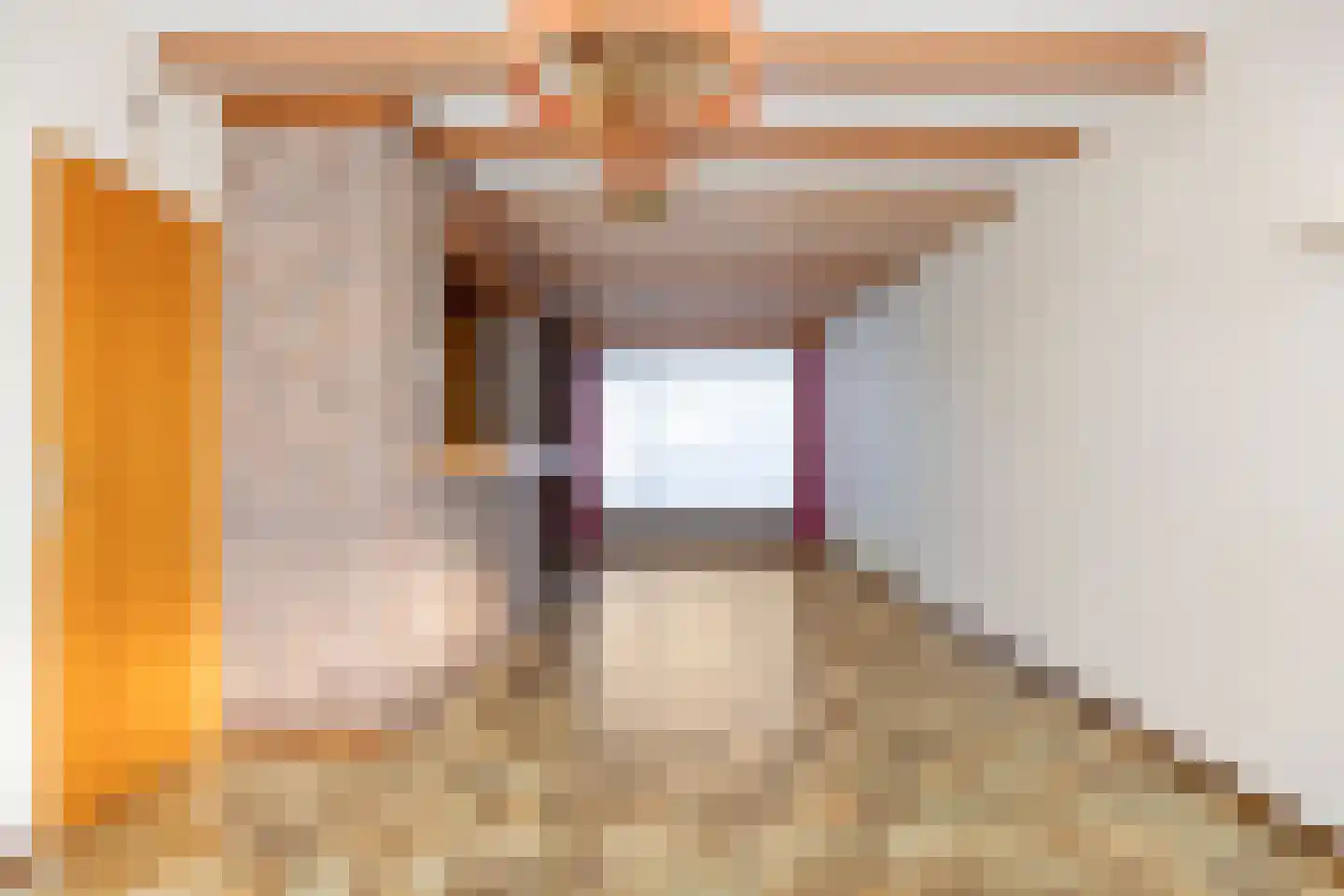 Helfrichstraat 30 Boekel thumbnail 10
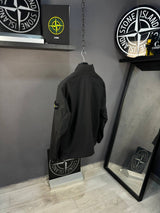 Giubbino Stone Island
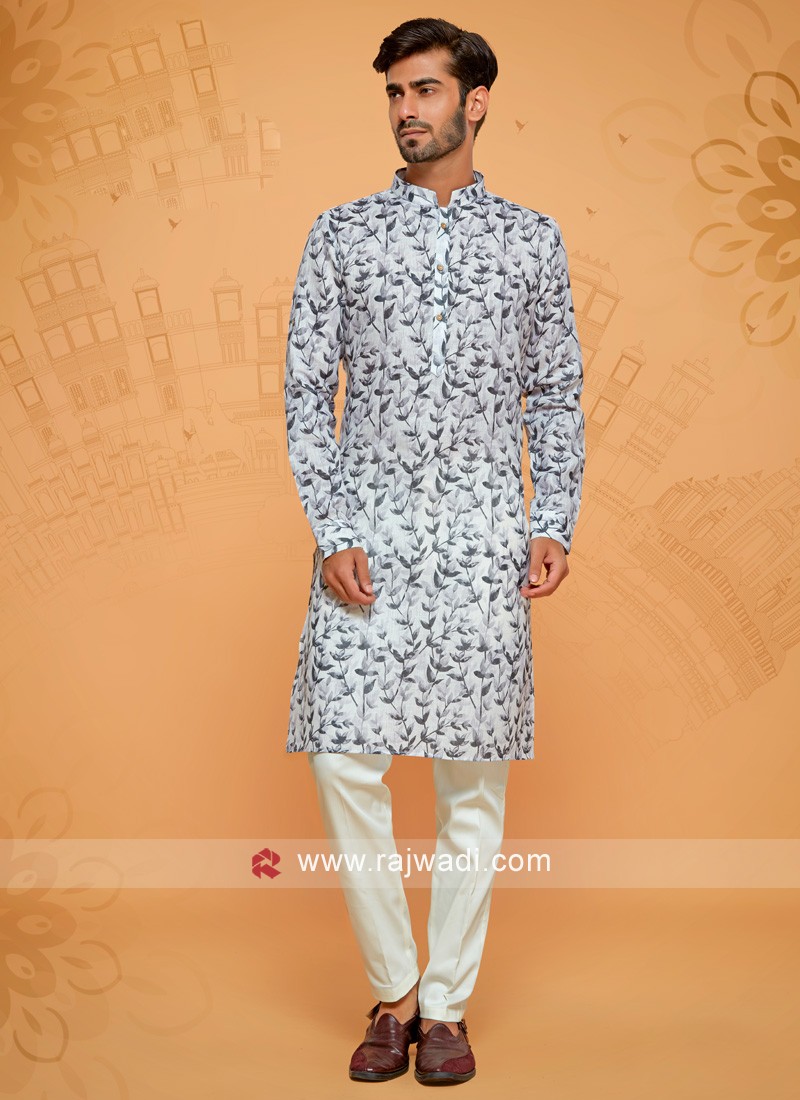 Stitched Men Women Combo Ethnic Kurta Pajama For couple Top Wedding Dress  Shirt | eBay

▶ _Work request_
Return to the listing above and set it down exactly, leaving out its pictures.

▶ _Result for this exercise_
 Helfrichstraat 30 Boekel thumbnail 10
 Giubbino Stone Island
 Stitched Men Women Combo Ethnic Kurta Pajama For couple Top Wedding Dress  Shirt | eBay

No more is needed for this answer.